A partnership agreement or deed also referred to as a partnership agreement, is a legal agreement between two people or more than two when they come together to form and run a company. The deed lays down all the important terms and conditions pertaining to the business. Some of them include the rules and regulations of the business, obligations, employee salaries, exit procedures, entry of new partner/s, the ratio of sharing profit/loss, etc. This document is highly crucial if the partnership firm goes to court for some reason because it can be presented in court as a legal document. The partnership deed registration is done under the Indian Registration Act 1908. The partnership deed registration is necessary because it is only after registration that the organization can apply for PAN, open a bank account, and obtain a GST registration or FSSAI license in its name.

Explanation:

Though there is no standardized format for drafting a partnership deed, there is certain information that should be included in the partnership deed.

They have the following:

The primary objective of the partnership: The deed should contain the partners’ names and addresses and all other necessary details that will help explain the nature of the business to be done by the partners.

The location of the partnership business: It should also contain where the firm will run its operations, i.e., the location/s as agreed upon by the partners from time to time.

The duration of the partnership: The partnership deed should also contain the date of formation of the partnership firm and the course of the deal.

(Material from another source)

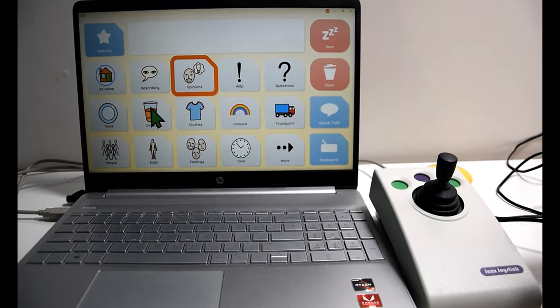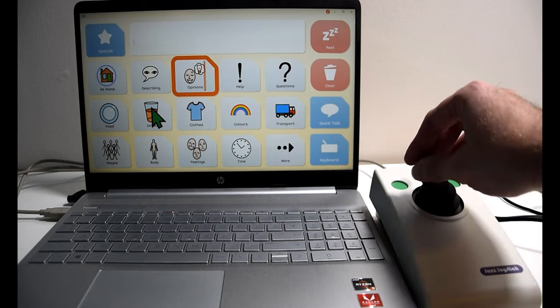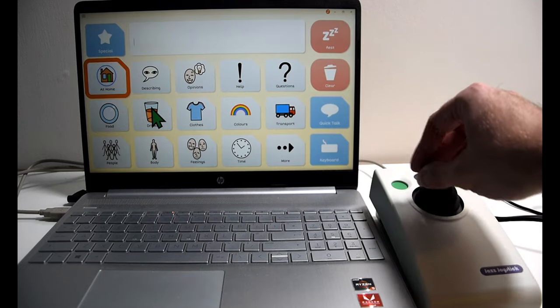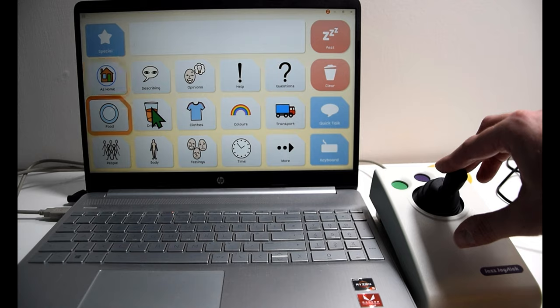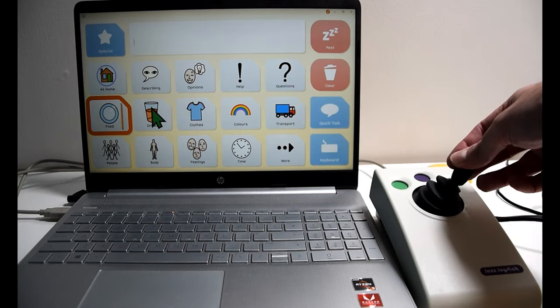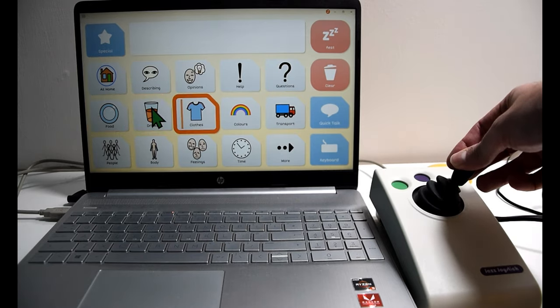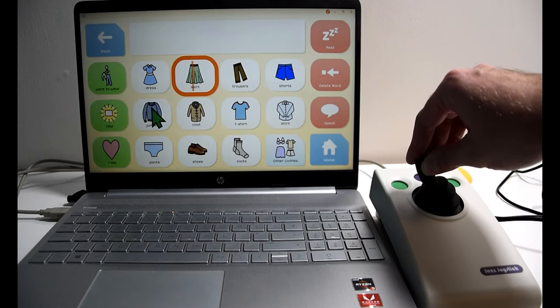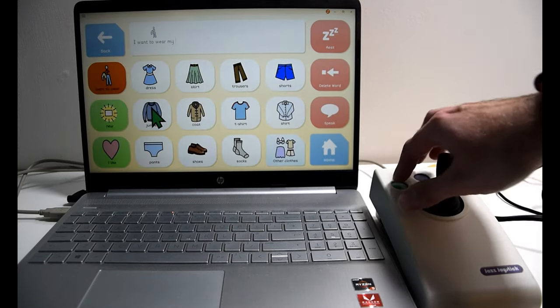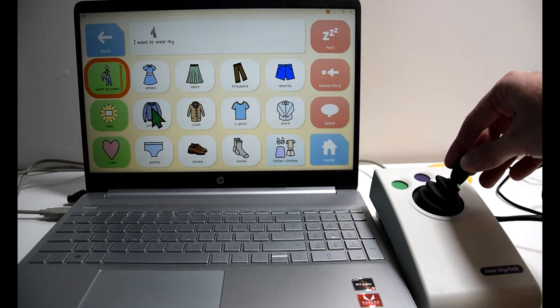What we should see straight away is that this becomes a scanning device. As far as using it in Grid goes, it's as simple as selecting what you need to use, going in, and selecting the sentence you want to say.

Contribution of capital: It should also contain the contribution of the firm’s property, cash, capital, goods, or services in the agreed-upon value.

Withdrawal of capital: Also, it should contain the details pertaining to the drawing policy allowed to every partner and whether the partner needs to pay any interest to the firm upon such drawing.

Details of salary and commission: The partnership deed should mention the details pertaining to the percentage of the ratio of the compensation and commission to be paid to the partners.

The profit and loss ratio: The percentage of profit and loss sharing by the partners should also be mentioned.

Regulation for dissolving the partnership: Also, details of the account/s of the firm and how it will be treated in case the firm gets dissolved should be mentioned in the partnership deed.

Rules for admitting a new partner: Rules pertaining to the admission of a new partner, retirement or death of an existing partner, and exit of a partner should be laid down.

Rules to abide by The guidelines that need to be followed in case a partner goes bankrupt should be mentioned in the partnership deed.

Details of audit and account: Correct and complete books of account pertaining to the transactions made by the firm from time to time should be readily available and should be open to the partners for inspection and examination. The method of preparing the partnership firm’s accounts and the audit arrangements should also be mentioned.

Partner’s voluntary withdrawal: Rules pertaining to the voluntary withdrawal of a partner should be stated in the partnership deed.

Duties and responsibilities of the partners: The division of roles and responsibilities of the partners should also be clearly stated.

Banking details: The funds held in the firm’s name will be kept in a bank account as jointly decided upon by the partners.

Borrowings: Written consent from all the partners will be needed for taking bank loans or loans from other financial institutions or third parties to meet the firm’s financial needs.

Financial Year: The financial year of the partnership should also be mentioned.